Dibandingkan dengan induatri musik, iklim industri film relatif lebih baik karena faktor regulasi relatif lebih jelas dan terukur. Ketika film digarap serius, dengan cerita yang pas dan original, dibintangi oleh artis dan aktor papan atas, ukurannya adalah pencapaian penonton berapa. Pasarnya jelas, ukuran sukses juga ditentukan seberapa banyak orang menonton film itu di bioskop.
Kalau bisnis musik, seperti yang saya jalani saat ini, lebih banyak faktor berspekulasi. Musik bagus, dengan konsep dan pembiayaan cukup besar, belum tentu profit. Meskipun ukuran sukses itu kadang juga bisa di persiapkan seberapa jeli membaca pasar dan memilih materi lagu. Musik yang sudah heboh dan banyak dinikmati masyarakat, belum tentu profit. Masalahnya apa? Masyarakat bisa dengan mudah browsing dan langsung menikmati musik-muisk yang dia sukai. Atau mereka dengan mudah menikmati musik lewat siaran radio dan tayangan televisi. Dan semua gratis! Darimana pelaku industri musik mendapatkan frofit dari produk yang dirilis? Paling dari RBT, atau dari YouTube. Itu pun kita (pelaku usaha) nggak punya posisi tawar. Lewat penjualan CD dan VCD, sudah susah karena pembajakan merajalela. Sementara bisnis karaoke atau pertunjukan musik belum memberi harapan secara signifikan dalam induatri musik.
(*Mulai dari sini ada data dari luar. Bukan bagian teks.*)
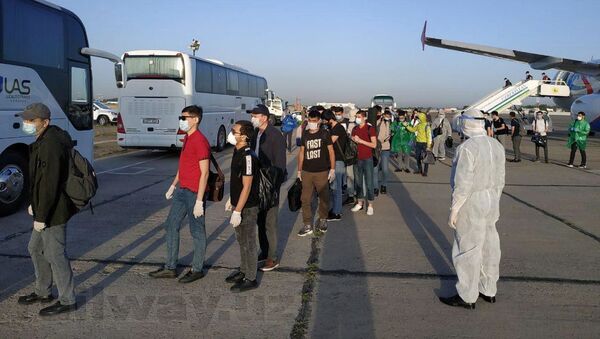 Charternim aviareysom iz Moskvi v Tashkent pribili 220 studentov Tashkentskogo instituta injenerov jeleznodorojnogo transporta - Sputnik O‘zbekiston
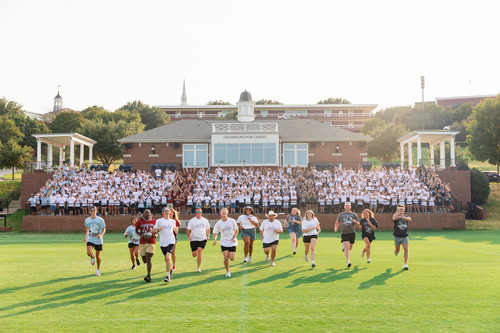 crowd picture of college students at SWAT event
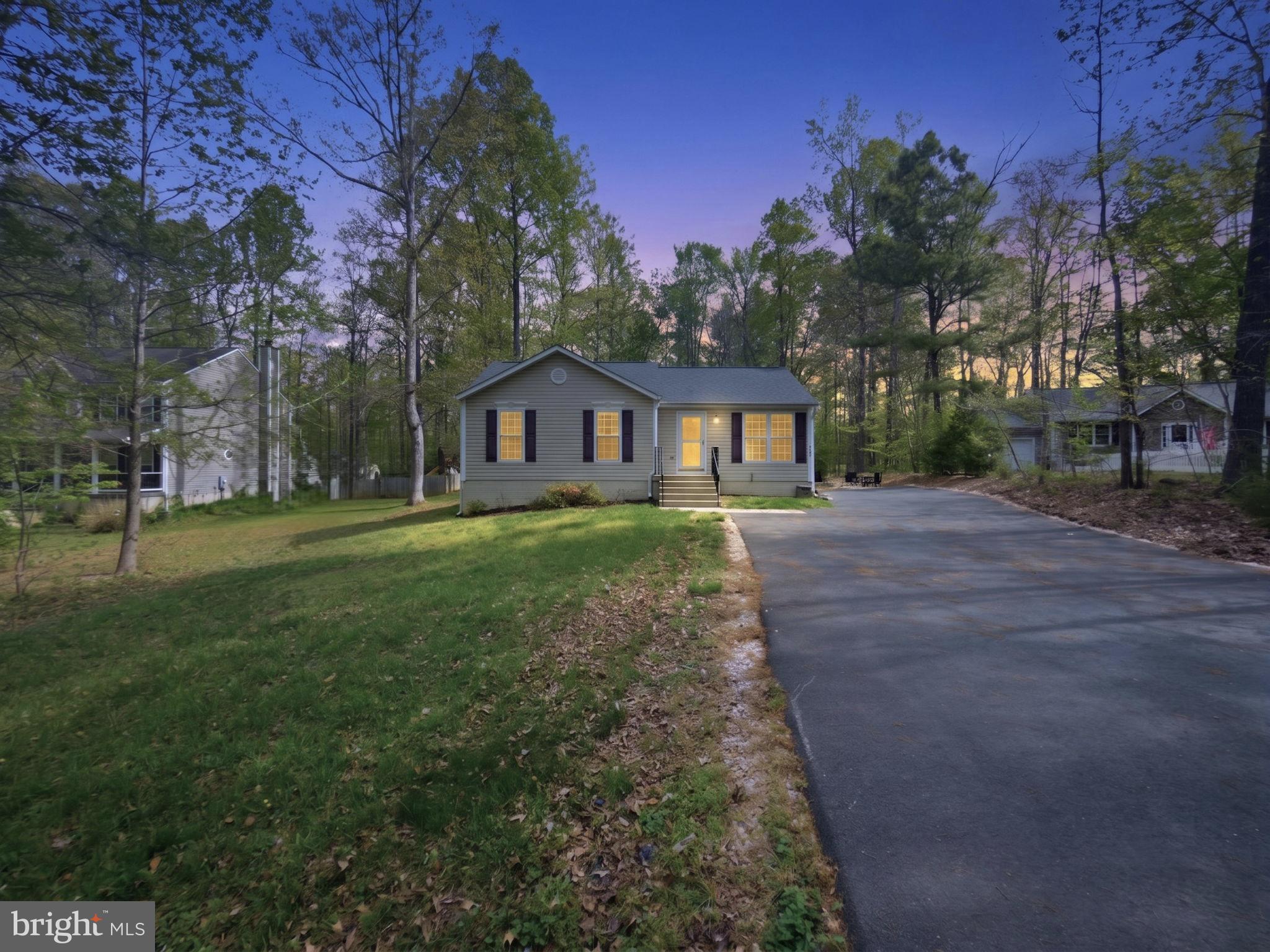 644 Wright Drive Ruther Glen, VA 22546 - Photo 2 of 30
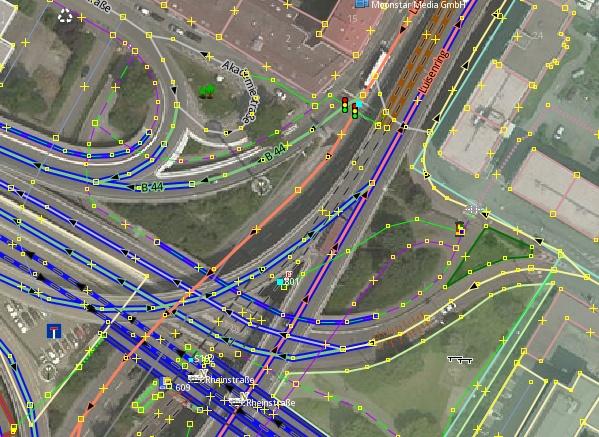 Anmeldung Seite 4 von 35 Anmeldung Zunächst musst du dir bei OSM einen Benutzer-Account einrichten. Das kannst du direkt bei osm.org auf der Startseite machen (rechts oben).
Para pelaku industri film saat ini sedang mengalami masa keemasan. Banyak film Indonesia betebaran di bioskop papan atas. Dalam lima layar, 4 (empat) diantaranya memutar film Indonesia. Dan film Indonesia selalu berjaya mengumpulkan jumlah penonton terbanyak. Beberapa diantara film box office adalah Ayat Ayat Cinta, Warkop DKI Reborn, Dilan, dan lain-lain.
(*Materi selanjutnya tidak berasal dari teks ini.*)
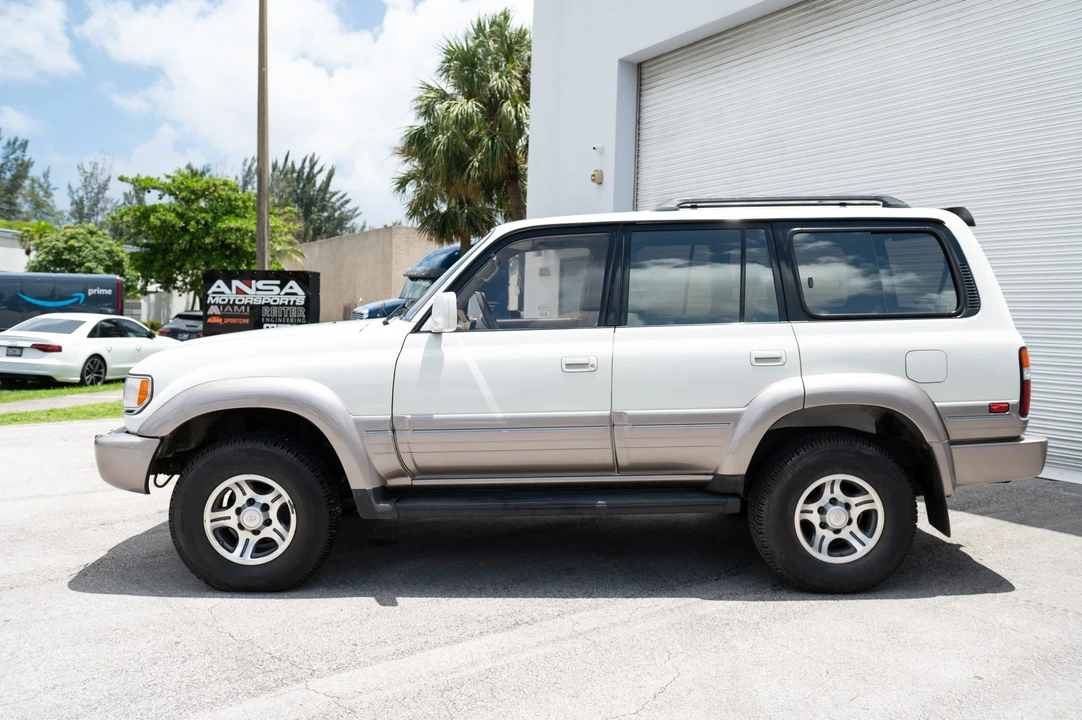 1996 Lexus LX 1st Gen - Image 10 of 31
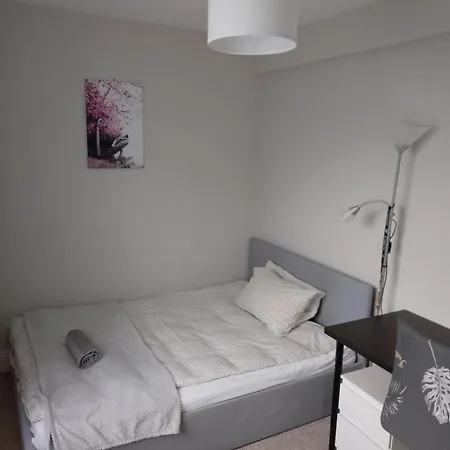 Double Or Twin Room In Town Centre East Grinstead Exterior photo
Saya sering nonton di bioskop. Yang saya tonton selalu film Indonesia, kecuali ada film Holliwood yang lagi ngehits. Biasanya saya dapat info film film bagus dari anak saya. Artinya pendekatan promosi sudah tepat menyasar anak muda.
Pada suatu masa di tahun 90-an, film Indonesia mengalami keterpurukan. Waktu itu serbuan film Amerika terjadi secara masif. Sementara para kreator kita sibuk saling menyalahkan dan mencari kambing hitam. Saya waktu itu dalam posisi sebagai journalist sekaligus pengamat. Yang saya rasakan, waktu itu, film Indonesia kok begini amat!
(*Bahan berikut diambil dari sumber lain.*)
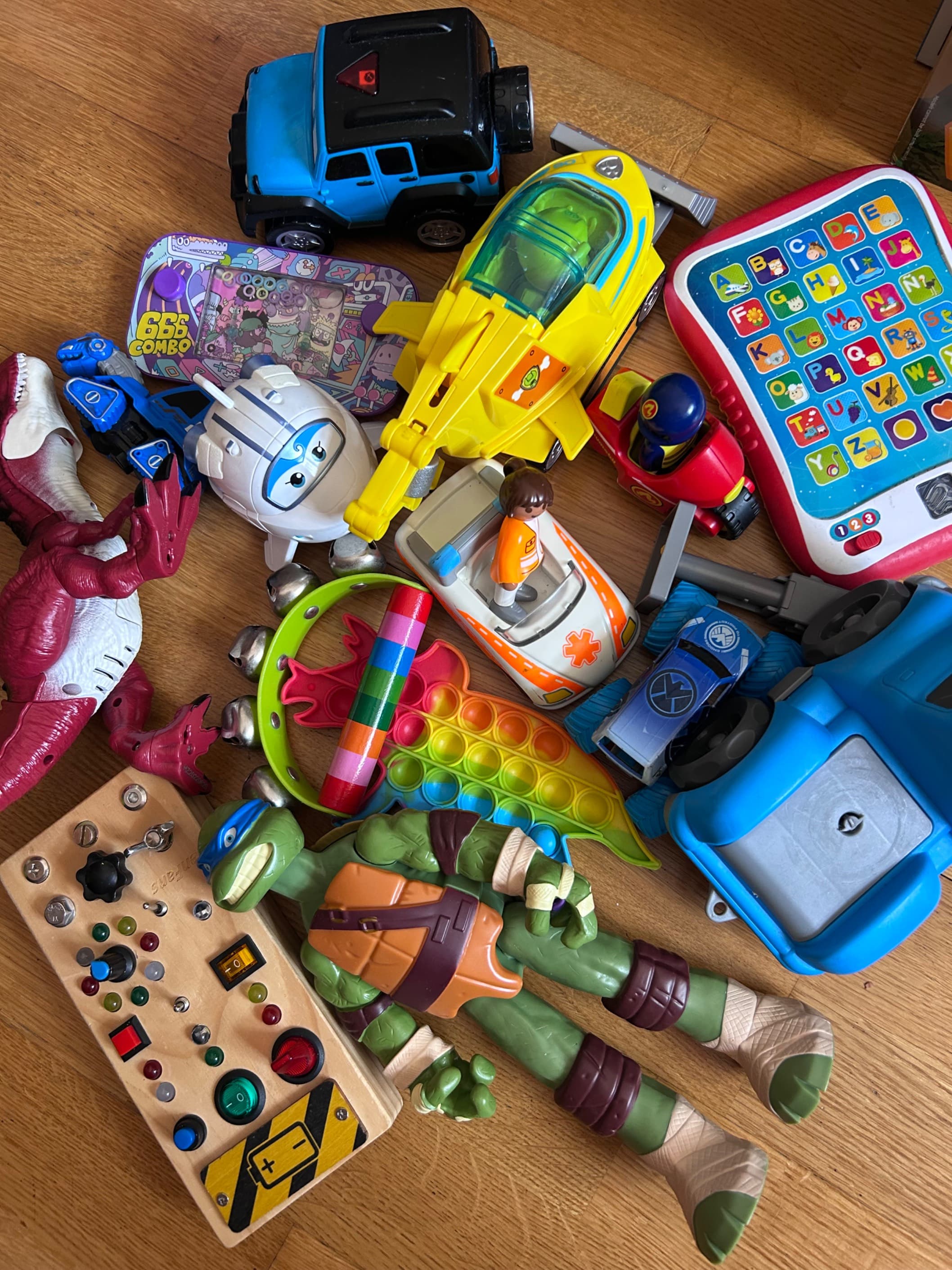 Toys Pack 3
Saat ini film nasional sedang berjaya. Para pelaku industri film dan kreator, sepertinya sedang menikmati masa “bulan madu”. Inilah hukum bisnis, ketika industri jalan, kreatifitas juga berkembang. Atau sebaliknya, kreatifitas menopang industri film. Saya berharap film kita tetap eksis. Selamat Hari Film Nasional. (Agi Sugiyanto).